Characteristics, Uses and Taxation of Investments - Callable and Foreign Bonds and Promissory Notes

vi. Callable: a bond is callable if the issuer can retire it and issue a bond with a lower interest rate. The ability of a bond to be called is a feature that is common to corporate bonds, particularly of a lesser quality which bear a higher rate of interest. Planners should note that the purchase of a callable bond may subject the holder to reinvestment risk if the bond is called since the investor has to find a fixed income instrument of similar quality and with a comparable interest rate.

e. Foreign Bonds: these are obligations of both developed and developing foreign governments and companies.
  1. Corporate - these are the tradable obligations of foreign corporations.
  2. Sovereign - the debt of foreign governments that trades in the secondary market. Such bonds are subject to political risk and liquidity risk.
Individuals' direct investment in foreign debt is rare. Professional management through a mutual fund would enable such investment in a cost effective and risk controlled manner.
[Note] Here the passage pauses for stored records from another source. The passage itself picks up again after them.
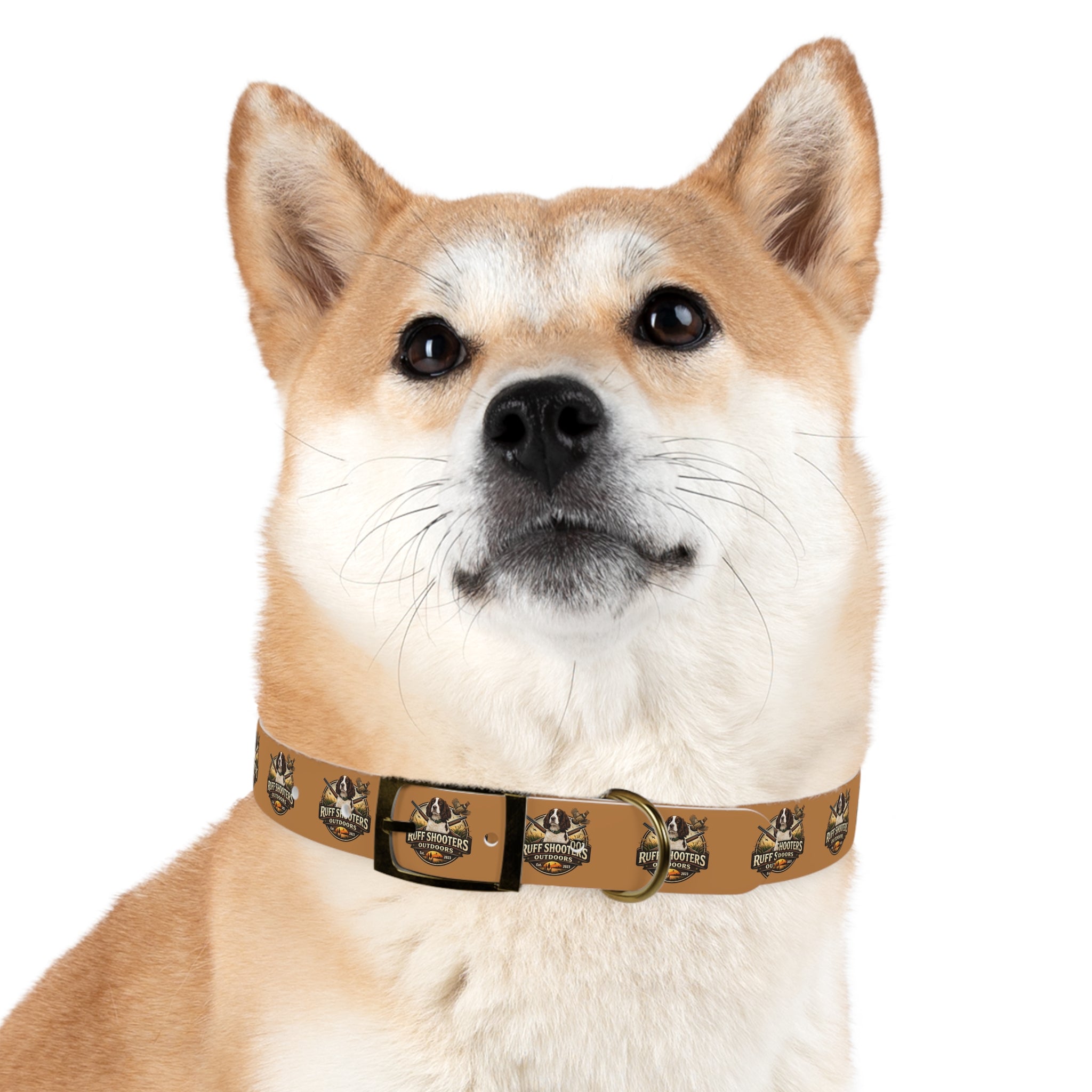 Ruff Shooters Grouse Logo Dog Collar —Tan Outdoor Adventure Pet Collar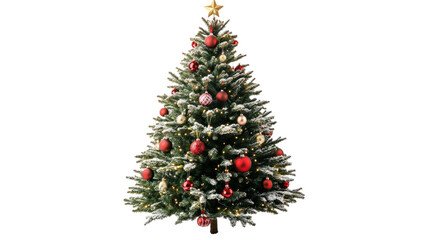 Decorated Christmas Tree with Star isolated on a transparent background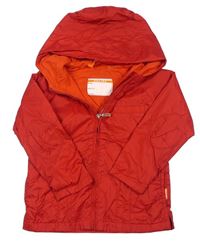 Červená šušťáková jesenná bunda s kapucňou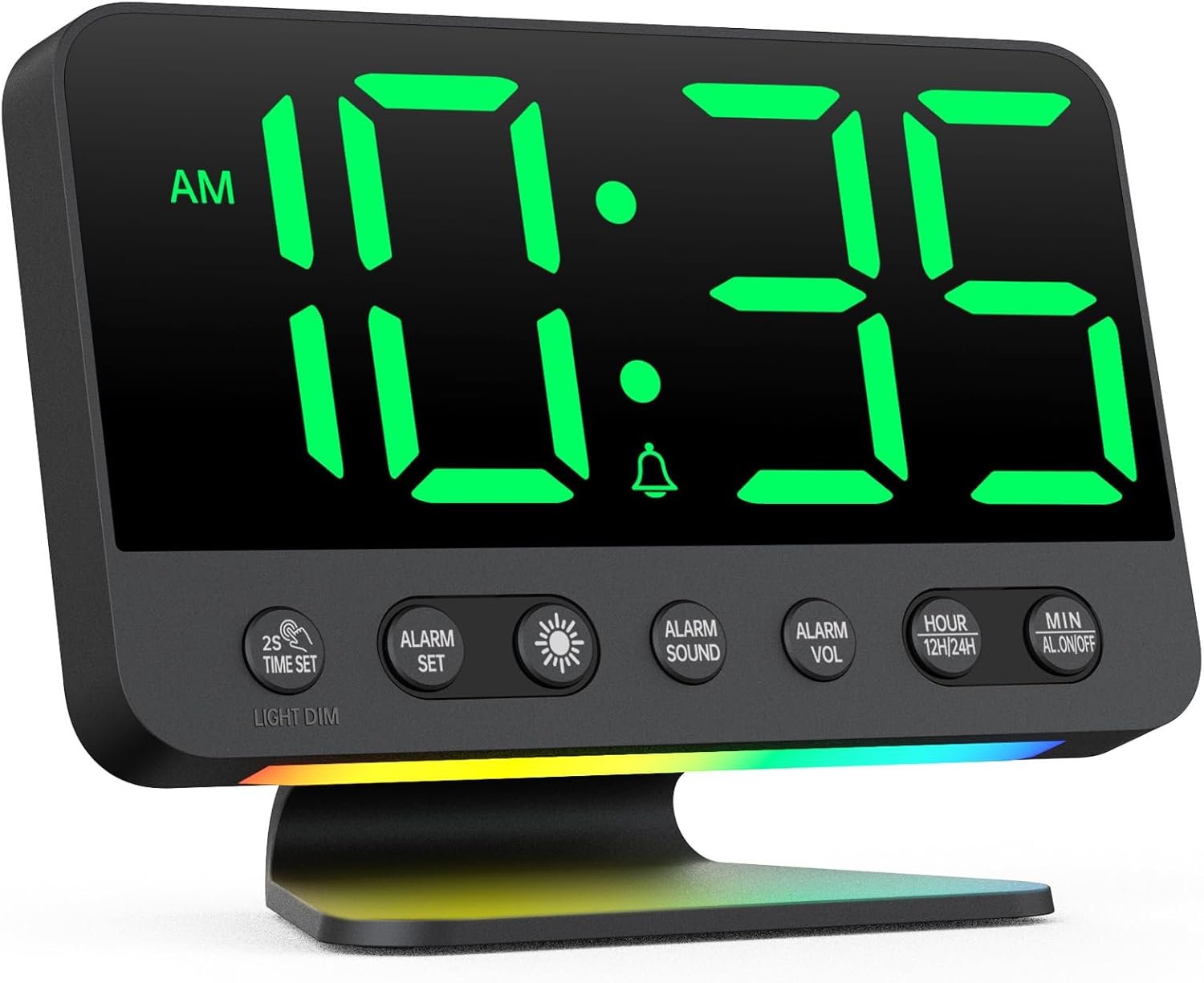 Digital Alarm Clock with Large Numbers for Bedrooms: Bold Display Readable Across The Room with 5 Level Brightness – 5 Alarm Sounds 8 Night Lights for Kids Seniors Teens – Green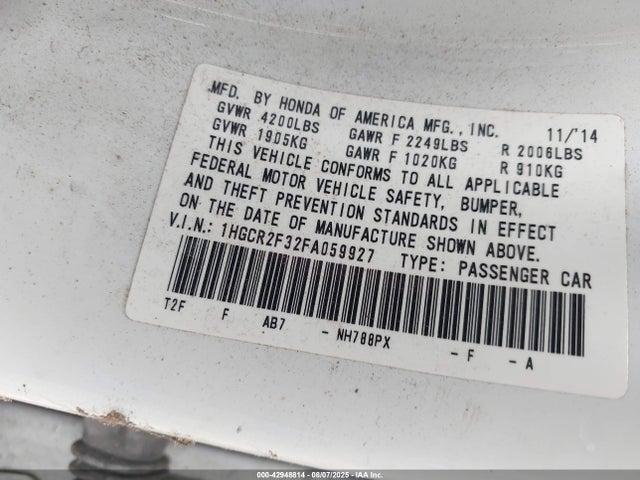 Honda k24w1 2015 1HGCR2F32FA059927 Image 9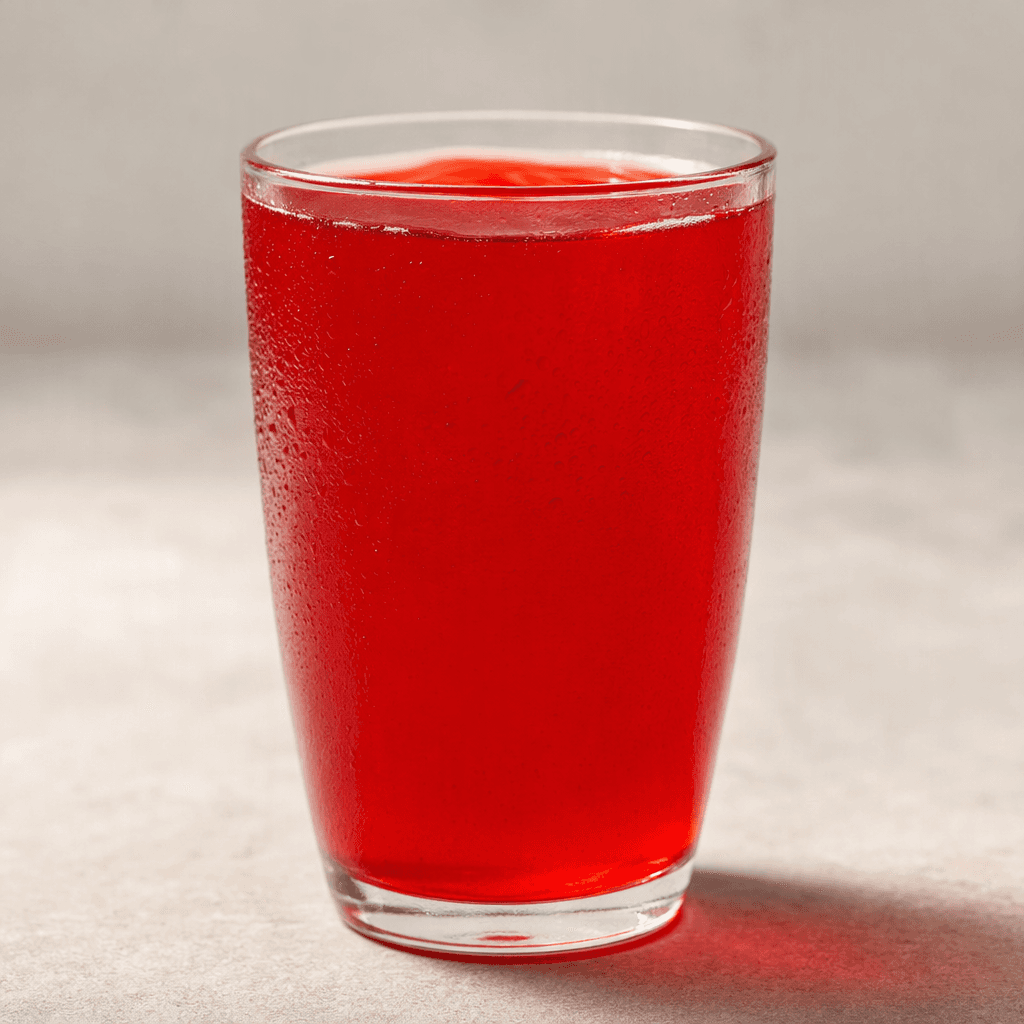 A glass of bright, translucent fruit-colored drink, smooth and free of visible pulp or pieces.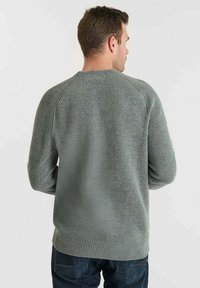 Grüner Strickpullover mit Rundhalsausschnitt, gerippten Bündchen und Saum. Hat eine strukturierte Oberfläche und Raglanärmel, die eine lässige Passform bieten.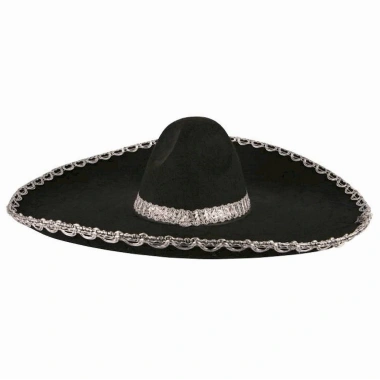 Sombrero Meksika Şapkası Mariachi Gümüş Şeritli Yetişkin Boy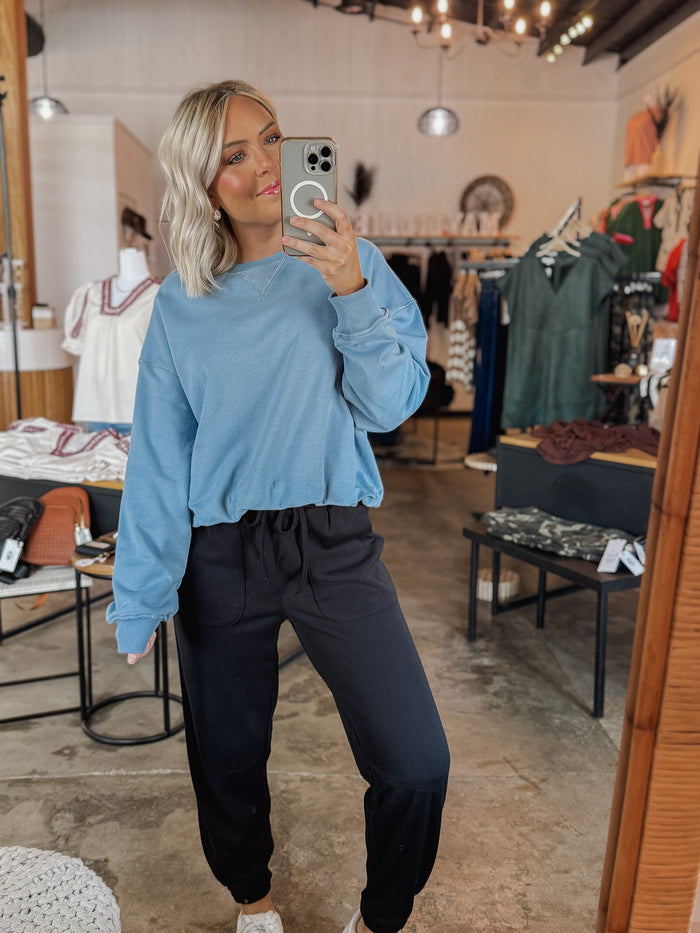 Baby Blue Bubble Hem Sweatshirt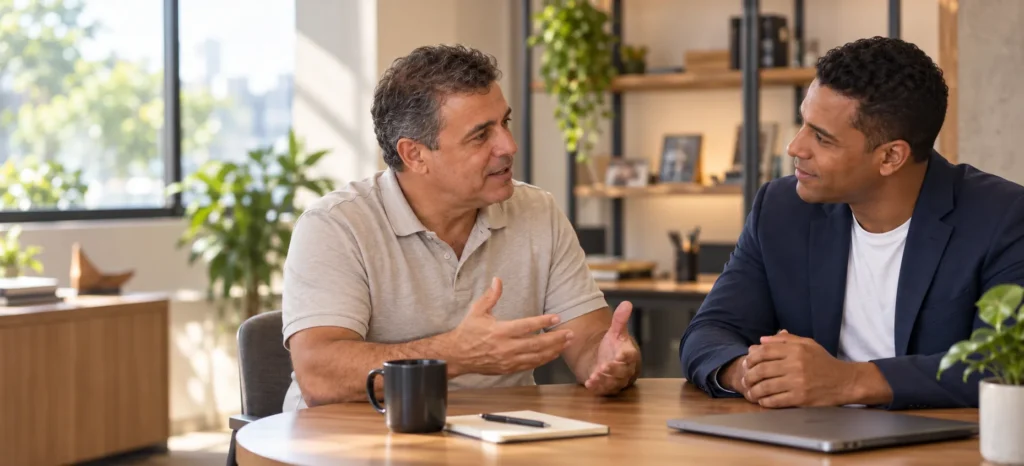 Dois profissionais conversando à mesa em um escritório iluminado
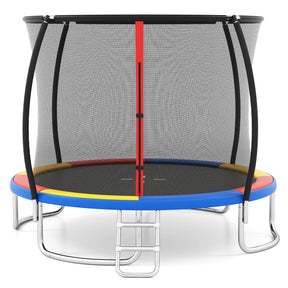 12FT 10FT 8FT Outdoor Trampoline, Heavy-Duty Recreational Trampoline with Safety Enclosure Net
C. Promissory Notes - these are nothing more than a promise to repay a sum of money pursuant to terms established between the lender and the borrower. The structure is nearly identical to that of a bond; valuation is a function of discounting cash flows from such notes at an appropriate rate of interest. These notes are subject to similar risks as well such as reinvestment, inflation, interest rate and credit risk. Because the terms of each note are bespoke, there is no secondary market for these instruments, making liquidity risk an important consideration.